>>>>>
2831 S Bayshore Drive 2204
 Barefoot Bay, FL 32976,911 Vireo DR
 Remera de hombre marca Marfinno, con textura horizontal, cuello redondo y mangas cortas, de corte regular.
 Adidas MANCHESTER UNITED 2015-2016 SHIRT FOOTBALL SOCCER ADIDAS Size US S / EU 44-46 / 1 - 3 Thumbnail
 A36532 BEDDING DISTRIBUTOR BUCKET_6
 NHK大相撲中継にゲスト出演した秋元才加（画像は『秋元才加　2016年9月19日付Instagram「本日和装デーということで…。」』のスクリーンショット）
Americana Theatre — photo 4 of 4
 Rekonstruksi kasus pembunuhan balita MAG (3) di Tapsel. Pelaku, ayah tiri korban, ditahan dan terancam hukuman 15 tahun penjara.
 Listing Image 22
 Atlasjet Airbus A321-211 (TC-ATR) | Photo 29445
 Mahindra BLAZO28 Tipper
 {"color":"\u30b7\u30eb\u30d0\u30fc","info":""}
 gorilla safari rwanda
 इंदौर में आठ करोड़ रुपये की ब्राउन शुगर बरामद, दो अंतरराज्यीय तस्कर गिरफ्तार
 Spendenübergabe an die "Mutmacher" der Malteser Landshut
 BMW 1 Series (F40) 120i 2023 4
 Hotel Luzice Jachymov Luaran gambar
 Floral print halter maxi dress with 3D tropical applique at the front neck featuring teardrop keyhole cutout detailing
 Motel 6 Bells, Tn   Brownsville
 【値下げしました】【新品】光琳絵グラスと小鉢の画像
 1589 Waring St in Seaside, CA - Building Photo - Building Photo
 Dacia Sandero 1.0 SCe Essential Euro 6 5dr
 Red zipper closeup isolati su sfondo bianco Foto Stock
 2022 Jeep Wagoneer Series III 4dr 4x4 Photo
<<<<<
What this task involves:
In full and without change, transcribe every line of the records above.

Result of the task:
2831 S Bayshore Drive 2204
 Barefoot Bay, FL 32976,911 Vireo DR
 Remera de hombre marca Marfinno, con textura horizontal, cuello redondo y mangas cortas, de corte regular.
 Adidas MANCHESTER UNITED 2015-2016 SHIRT FOOTBALL SOCCER ADIDAS Size US S / EU 44-46 / 1 - 3 Thumbnail
 A36532 BEDDING DISTRIBUTOR BUCKET_6
 NHK大相撲中継にゲスト出演した秋元才加（画像は『秋元才加　2016年9月19日付Instagram「本日和装デーということで…。」』のスクリーンショット）
Americana Theatre — photo 4 of 4
 Rekonstruksi kasus pembunuhan balita MAG (3) di Tapsel. Pelaku, ayah tiri korban, ditahan dan terancam hukuman 15 tahun penjara.
 Listing Image 22
 Atlasjet Airbus A321-211 (TC-ATR) | Photo 29445
 Mahindra BLAZO28 Tipper
 {"color":"\u30b7\u30eb\u30d0\u30fc","info":""}
 gorilla safari rwanda
 इंदौर में आठ करोड़ रुपये की ब्राउन शुगर बरामद, दो अंतरराज्यीय तस्कर गिरफ्तार
 Spendenübergabe an die "Mutmacher" der Malteser Landshut
 BMW 1 Series (F40) 120i 2023 4
 Hotel Luzice Jachymov Luaran gambar
 Floral print halter maxi dress with 3D tropical applique at the front neck featuring teardrop keyhole cutout detailing
 Motel 6 Bells, Tn   Brownsville
 【値下げしました】【新品】光琳絵グラスと小鉢の画像
 1589 Waring St in Seaside, CA - Building Photo - Building Photo
 Dacia Sandero 1.0 SCe Essential Euro 6 5dr
 Red zipper closeup isolati su sfondo bianco Foto Stock
 2022 Jeep Wagoneer Series III 4dr 4x4 Photo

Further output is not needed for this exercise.